Overview, Goddesses, Places of Worship, Temples, Times of Worship, Beliefs, Rituals, Sacred Objects

"...we find in Celtic mythology a strong foundation in ancient goddess (mother earth) and fertility religion (common throughout the ancient world), merged with the peculiar emphasis on the Otherworld and its accessibility to mankind found in the druid religion. More than any other people, perhaps, the Celts live with one foot in this world and one in the other." (Celtic Mythology and Celtic Religion)

Overview Speaking in the broadest of terms, the religion of the pre-Roman and pre-Christian Celts took two forms: organized religion and folk religion. Both of these are topics so huge and controversial that they cannot possibly be thoroughly covered by me here, but here's an overview, and some details follow later on this web page.

  • The organized religious life of the Celts was managed by those Druids whose work focused on religious matters. My primary source was The Druids by Peter Beresford Ellis. A popular misconception is that "Druid" and "Celtic religious leader" are synonymous. However:

    "The Druids were educated men and women who served many functions in Celtic societies. They were judges, historians, educators, poets, astronomers, geographers, healers/physicians and religious leaders (priests and priestesses).
    They appear to have been a pan-Celtic phenomenon, though we only have direct evidence of them in Ireland, Britain, and Gaul (France and Germany). Their seats of power were Tara and Anglesey in Ireland, Chartres in Gaul.
    "...guardians of traditions and learning, (they) glorified the pursuits of war, feasting and horsemanship. They controlled the calendar and the planting of crops, and they presided over the religious festivals and rituals that honored local deities." (Wales History Timeline)

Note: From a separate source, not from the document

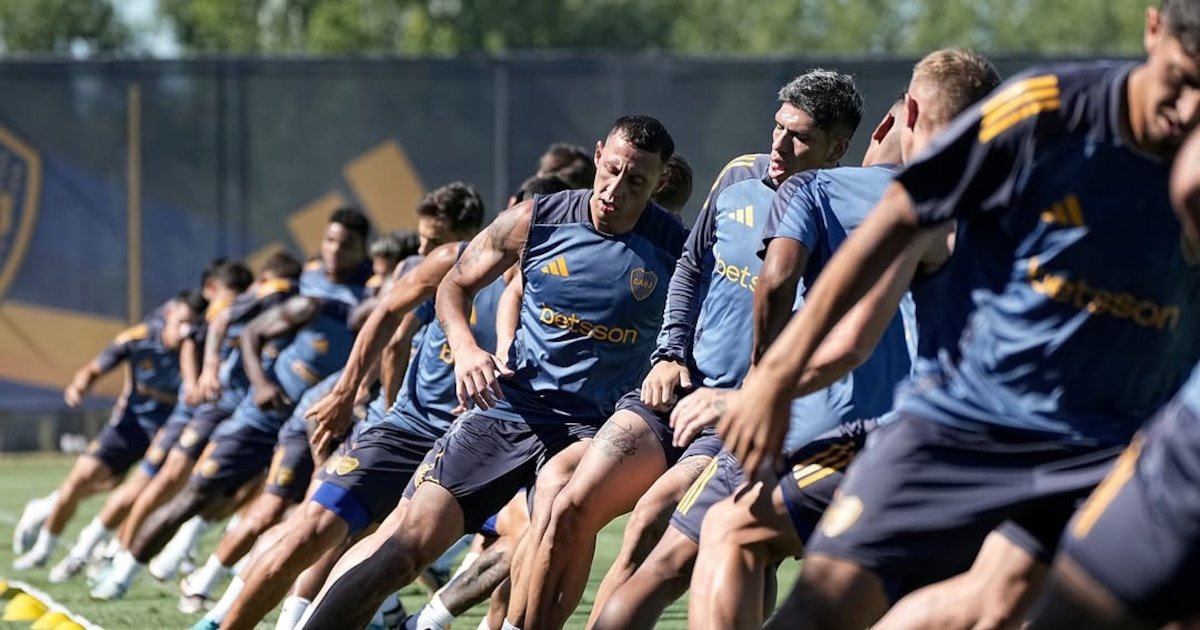 De ser uno de los que más jugó a no tener minutos con Gago en 2025: la verdad detrás de la ausencia de Cristian Lema en Boca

  • Celtic folk religion reflects both the individual spiritual beliefs and practices of the various Celtic peoples and also various tribal beliefs and practices. To begin to understand this aspect of Celtic religion, I avoided most of the numerous neopagan books and publications and focused on The Fairy Faith in Celtic Countries (W. Y. Evans-Wentz) and the Dalriada Celtic Heritage Trust website. These sources are comprised of collections of folk belief and practice that have survived into the 19th and 20th centuries in Celtic countries. Here are a few gems:
    • On the Isle of Man, as late as the end of the 19th century, folks tried to make their first glimpse of the new (crescent) moon be direct (that is, not through glass). When they saw the moon, they jingled coins in their pockets and said "I see the moon, and the moon sees me." Today, we'd call that a money spell.
    • In the Scottish Highlands, a favorite form of divination was by fire-gazing.
    • In Scotland, the dandelion is known as "the little notched of Bride." Herbal healing was done by many, based on herb lore and the help of the fairies.
    • Berries are not to be gathered or eaten from "November Eve" (Samhain) on, because on November Eve fairies fly over and make them unfit to eat.
    • Rags tied on bushes over sacred wells carry petitions to the deities, as do pins, coins, buttons, pebbles and carvings cast into springs, rivers, and lakes.
    • Little spirits (variously named fairies, pixies, brownies, etc.) live among us and can be helpful or cause hindrances, depending on many things, including how we interact with them. For example, when milking a cow, one must always spill a little milk for the fairies, or they will take the cow away or turn its milk bad.

Goddesses (and Gods)

"...in the stories of how the rivers Liffey, Shannon, and Boyne got their names, the goddesses are undermined, being punished for their pride, haughtiness, or use of magic. Traces of the goddesses are usually only to be found in stories describing their overthrow or subjecting them to ridicule." (Mary Condren, The Serpent and the Goddess, p. 30)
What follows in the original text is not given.